LSM Seroja Indonesia Laporkan Dugaan Penguasaan Lahan Hak Pakai Seluas 9.612 m² oleh Pengembang ke Kejaksaan Tinggi Banten
Tangerang - Dewan Pimpinan Pusat Lembaga Swadaya Masyarakat (DPP LSM) Seroja Indonesia secara resmi melayangkan laporan pengaduan masyarakat kepada Kepala Kejaksaan Tinggi Banten terkait dugaan penguasaan dan pemanfaatan lahan Hak Pakai Nomor 1 seluas $\pm9.612\text{ m}^2$ di Desa Saga, Kecamatan Balaraja, Kabupaten Tangerang.

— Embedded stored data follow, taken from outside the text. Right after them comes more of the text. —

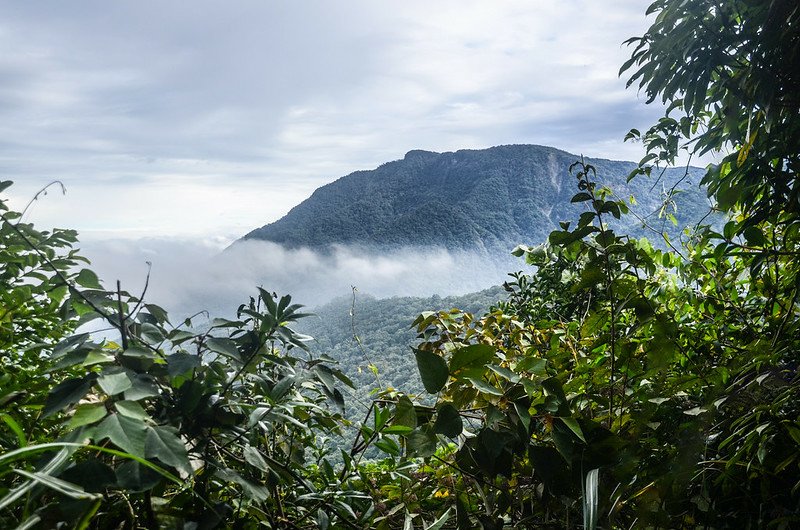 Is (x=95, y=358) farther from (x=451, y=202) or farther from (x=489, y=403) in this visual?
(x=451, y=202)

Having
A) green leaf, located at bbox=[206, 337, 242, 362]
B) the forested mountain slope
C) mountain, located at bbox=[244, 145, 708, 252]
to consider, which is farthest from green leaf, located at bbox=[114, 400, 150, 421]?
mountain, located at bbox=[244, 145, 708, 252]

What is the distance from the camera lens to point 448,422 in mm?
710

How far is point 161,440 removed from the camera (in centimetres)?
51

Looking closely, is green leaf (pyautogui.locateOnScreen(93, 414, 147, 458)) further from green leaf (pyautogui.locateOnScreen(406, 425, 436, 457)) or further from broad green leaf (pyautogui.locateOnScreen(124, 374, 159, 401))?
green leaf (pyautogui.locateOnScreen(406, 425, 436, 457))

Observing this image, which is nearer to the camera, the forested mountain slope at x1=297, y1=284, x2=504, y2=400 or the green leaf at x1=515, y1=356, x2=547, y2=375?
the green leaf at x1=515, y1=356, x2=547, y2=375

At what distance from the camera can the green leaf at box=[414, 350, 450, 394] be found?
0.69 m

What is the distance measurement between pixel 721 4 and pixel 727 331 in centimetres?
68

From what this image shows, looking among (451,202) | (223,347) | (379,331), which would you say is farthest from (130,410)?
(451,202)

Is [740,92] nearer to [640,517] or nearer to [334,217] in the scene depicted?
[640,517]

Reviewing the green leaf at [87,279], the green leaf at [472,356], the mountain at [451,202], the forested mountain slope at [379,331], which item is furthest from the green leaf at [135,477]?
the mountain at [451,202]

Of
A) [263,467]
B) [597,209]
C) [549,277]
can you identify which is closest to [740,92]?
[597,209]

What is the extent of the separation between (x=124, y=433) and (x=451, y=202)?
4.66 m

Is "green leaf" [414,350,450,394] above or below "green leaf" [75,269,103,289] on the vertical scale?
below

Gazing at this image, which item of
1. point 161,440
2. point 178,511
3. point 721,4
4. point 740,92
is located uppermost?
point 721,4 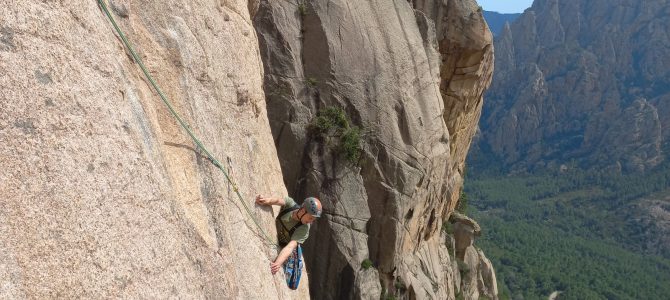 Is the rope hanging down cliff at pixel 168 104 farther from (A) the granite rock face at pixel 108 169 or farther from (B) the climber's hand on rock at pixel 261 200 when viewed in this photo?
(B) the climber's hand on rock at pixel 261 200

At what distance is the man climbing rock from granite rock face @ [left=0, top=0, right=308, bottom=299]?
0.96m

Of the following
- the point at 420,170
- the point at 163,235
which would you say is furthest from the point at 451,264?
the point at 163,235

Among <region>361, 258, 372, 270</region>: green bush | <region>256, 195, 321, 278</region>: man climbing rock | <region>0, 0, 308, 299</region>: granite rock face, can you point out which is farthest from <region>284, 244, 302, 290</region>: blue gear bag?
<region>361, 258, 372, 270</region>: green bush

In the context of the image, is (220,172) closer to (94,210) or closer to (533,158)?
(94,210)

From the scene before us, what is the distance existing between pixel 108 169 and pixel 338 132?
1584 cm

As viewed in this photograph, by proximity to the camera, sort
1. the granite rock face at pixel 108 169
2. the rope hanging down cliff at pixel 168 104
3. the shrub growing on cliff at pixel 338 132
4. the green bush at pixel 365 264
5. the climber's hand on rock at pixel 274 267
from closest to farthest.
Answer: the granite rock face at pixel 108 169
the rope hanging down cliff at pixel 168 104
the climber's hand on rock at pixel 274 267
the shrub growing on cliff at pixel 338 132
the green bush at pixel 365 264

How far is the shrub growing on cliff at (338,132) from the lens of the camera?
20.2 m

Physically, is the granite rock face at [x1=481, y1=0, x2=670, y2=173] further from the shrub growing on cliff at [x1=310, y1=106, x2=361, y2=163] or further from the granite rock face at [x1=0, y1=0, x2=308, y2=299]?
the granite rock face at [x1=0, y1=0, x2=308, y2=299]

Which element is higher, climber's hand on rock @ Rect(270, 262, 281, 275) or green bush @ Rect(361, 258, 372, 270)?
climber's hand on rock @ Rect(270, 262, 281, 275)

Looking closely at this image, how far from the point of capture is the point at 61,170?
4316mm

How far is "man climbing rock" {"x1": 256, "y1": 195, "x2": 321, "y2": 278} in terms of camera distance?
8.45 meters

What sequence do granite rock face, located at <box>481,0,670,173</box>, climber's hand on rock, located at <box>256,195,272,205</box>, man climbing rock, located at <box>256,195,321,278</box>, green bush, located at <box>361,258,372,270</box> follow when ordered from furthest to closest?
granite rock face, located at <box>481,0,670,173</box> → green bush, located at <box>361,258,372,270</box> → climber's hand on rock, located at <box>256,195,272,205</box> → man climbing rock, located at <box>256,195,321,278</box>

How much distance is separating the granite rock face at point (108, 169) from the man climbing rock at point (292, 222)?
3.16 ft

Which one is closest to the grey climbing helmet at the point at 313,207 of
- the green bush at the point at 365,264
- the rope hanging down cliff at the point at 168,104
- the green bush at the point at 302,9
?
the rope hanging down cliff at the point at 168,104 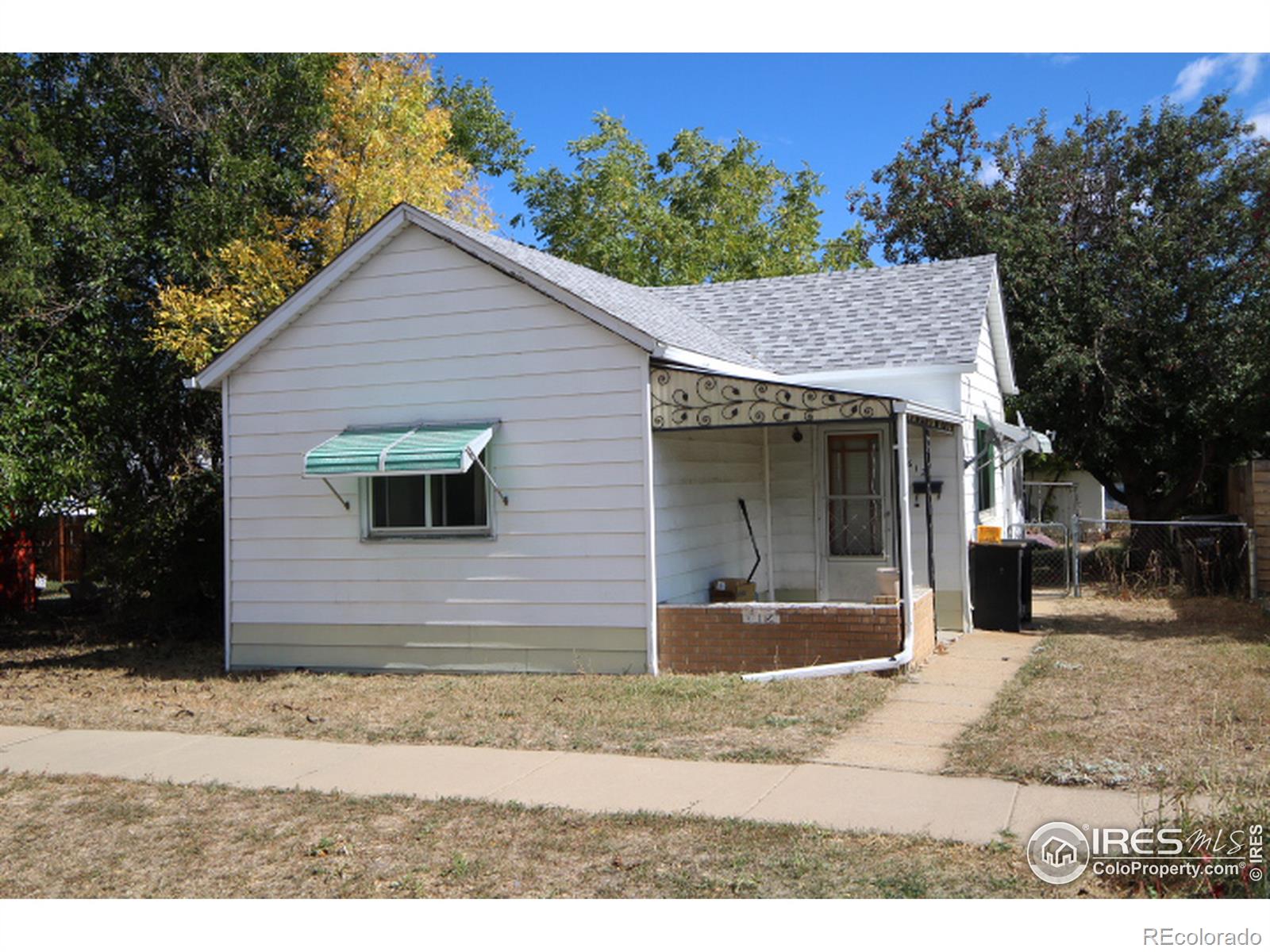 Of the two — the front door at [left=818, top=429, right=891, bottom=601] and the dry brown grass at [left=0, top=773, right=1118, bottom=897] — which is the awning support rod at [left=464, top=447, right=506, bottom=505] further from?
the dry brown grass at [left=0, top=773, right=1118, bottom=897]

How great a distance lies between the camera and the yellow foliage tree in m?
16.2

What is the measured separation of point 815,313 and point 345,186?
26.6 ft

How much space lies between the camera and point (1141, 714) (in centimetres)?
801

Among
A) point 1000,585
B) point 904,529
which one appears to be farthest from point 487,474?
point 1000,585

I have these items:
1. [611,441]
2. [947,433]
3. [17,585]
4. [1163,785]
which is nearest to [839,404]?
[611,441]

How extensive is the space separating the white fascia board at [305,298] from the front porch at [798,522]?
320 centimetres

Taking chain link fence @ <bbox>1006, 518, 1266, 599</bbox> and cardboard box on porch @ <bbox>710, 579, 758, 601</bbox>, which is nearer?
cardboard box on porch @ <bbox>710, 579, 758, 601</bbox>

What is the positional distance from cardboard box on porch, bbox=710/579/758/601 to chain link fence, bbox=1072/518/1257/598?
6.29m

Lahan tersebut diduga telah masuk dan dimanfaatkan kedalam kawasan pembangunan Perumahan Royal Permata Balaraja yang dikembangkan oleh PT Bangun Prima Cipta.4 September 2026
Berdasarkan dokumen laporan bernomor 418/LAPDU/VIII/2026 tertanggal 29 Agustus 2026, Ketua Umum LSM Seroja Indonesia Taslim Wirawan, S.H. bersama Sekjen Tri Tirtajaya menyampaikan bahwa langkah ini diambil sebagai bentuk partisipasi sosial untuk menjaga tertib administrasi pertanahan serta pengamanan aset.
Kronologi dan Upaya Klarifikasi yang Diabaikan
Sebelum membawa persoalan ini ke ranah hukum, LSM Seroja Indonesia mengeklaim telah melayangkan surat konfirmasi dan somasi kepada pihak pengembang sebanyak dua kali:
Somasi I: Disampaikan pada 7 Agustus 2026 melalui surat nomor 415/DPP-SEROJA/VIII/2026 untuk meminta kejelasan dasar hukum penguasaan lahan.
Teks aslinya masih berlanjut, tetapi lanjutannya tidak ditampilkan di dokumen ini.